Exercise => Would you please transcribe, exactly as written, the lines of the entries below starting at the one that holds "Yellow gold Pear" and ending at the one that holds "Antique Victorian English", both included?

[Provided records Boundary: Start]

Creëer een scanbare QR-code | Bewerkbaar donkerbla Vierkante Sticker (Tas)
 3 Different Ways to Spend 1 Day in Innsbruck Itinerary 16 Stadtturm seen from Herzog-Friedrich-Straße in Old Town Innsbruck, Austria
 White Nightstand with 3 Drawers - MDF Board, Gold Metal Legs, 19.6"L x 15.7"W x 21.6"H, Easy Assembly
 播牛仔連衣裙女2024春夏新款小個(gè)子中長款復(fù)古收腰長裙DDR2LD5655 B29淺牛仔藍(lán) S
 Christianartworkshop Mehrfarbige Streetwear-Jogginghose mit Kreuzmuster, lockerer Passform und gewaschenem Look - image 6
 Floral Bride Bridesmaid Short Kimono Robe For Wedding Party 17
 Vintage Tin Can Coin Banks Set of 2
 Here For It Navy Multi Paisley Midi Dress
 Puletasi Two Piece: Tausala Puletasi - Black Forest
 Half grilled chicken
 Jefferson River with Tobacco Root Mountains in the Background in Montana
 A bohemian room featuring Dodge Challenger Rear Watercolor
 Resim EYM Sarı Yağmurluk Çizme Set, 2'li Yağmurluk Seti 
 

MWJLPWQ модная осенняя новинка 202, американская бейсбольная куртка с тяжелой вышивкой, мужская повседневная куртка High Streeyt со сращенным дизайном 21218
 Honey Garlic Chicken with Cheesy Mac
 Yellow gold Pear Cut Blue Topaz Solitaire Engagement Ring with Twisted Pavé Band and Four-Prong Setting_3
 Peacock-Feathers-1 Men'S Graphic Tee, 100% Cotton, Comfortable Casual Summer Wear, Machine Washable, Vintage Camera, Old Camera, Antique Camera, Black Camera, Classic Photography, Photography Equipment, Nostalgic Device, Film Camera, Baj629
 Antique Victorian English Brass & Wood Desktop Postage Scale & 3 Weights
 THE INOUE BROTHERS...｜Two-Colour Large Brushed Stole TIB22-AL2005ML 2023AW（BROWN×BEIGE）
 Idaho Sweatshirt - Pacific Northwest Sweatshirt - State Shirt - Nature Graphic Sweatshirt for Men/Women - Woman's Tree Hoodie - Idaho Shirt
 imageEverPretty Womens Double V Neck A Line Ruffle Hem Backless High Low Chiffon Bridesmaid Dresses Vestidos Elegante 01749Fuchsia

[Provided records Boundary: End]

Finished exercise =>
 Yellow gold Pear Cut Blue Topaz Solitaire Engagement Ring with Twisted Pavé Band and Four-Prong Setting_3
 Peacock-Feathers-1 Men'S Graphic Tee, 100% Cotton, Comfortable Casual Summer Wear, Machine Washable, Vintage Camera, Old Camera, Antique Camera, Black Camera, Classic Photography, Photography Equipment, Nostalgic Device, Film Camera, Baj629
 Antique Victorian English Brass & Wood Desktop Postage Scale & 3 Weights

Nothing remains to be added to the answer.